EXERCISE BRIEF - What lines of the data below hold "with"? Show them.

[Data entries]
--- --- ---

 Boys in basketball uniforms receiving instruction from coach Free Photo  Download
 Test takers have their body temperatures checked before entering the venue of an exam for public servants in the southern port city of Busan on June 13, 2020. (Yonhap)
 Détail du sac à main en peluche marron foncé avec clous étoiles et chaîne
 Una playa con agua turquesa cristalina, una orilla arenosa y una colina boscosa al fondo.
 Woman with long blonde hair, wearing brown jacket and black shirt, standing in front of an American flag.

--- --- ---

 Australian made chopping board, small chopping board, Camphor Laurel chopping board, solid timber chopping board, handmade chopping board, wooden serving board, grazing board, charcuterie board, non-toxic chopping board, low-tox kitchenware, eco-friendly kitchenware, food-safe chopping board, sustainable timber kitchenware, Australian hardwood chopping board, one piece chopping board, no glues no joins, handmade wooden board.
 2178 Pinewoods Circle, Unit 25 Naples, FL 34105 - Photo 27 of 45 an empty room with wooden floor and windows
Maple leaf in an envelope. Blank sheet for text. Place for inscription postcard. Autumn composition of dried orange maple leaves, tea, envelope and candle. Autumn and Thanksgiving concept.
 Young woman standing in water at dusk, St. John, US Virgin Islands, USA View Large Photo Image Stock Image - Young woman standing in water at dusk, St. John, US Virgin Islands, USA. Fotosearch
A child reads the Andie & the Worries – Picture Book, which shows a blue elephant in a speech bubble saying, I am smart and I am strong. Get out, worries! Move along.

--- --- ---

TASK RESPONSE -
 Woman with long blonde hair, wearing brown jacket and black shirt, standing in front of an American flag.
 2178 Pinewoods Circle, Unit 25 Naples, FL 34105 - Photo 27 of 45 an empty room with wooden floor and windows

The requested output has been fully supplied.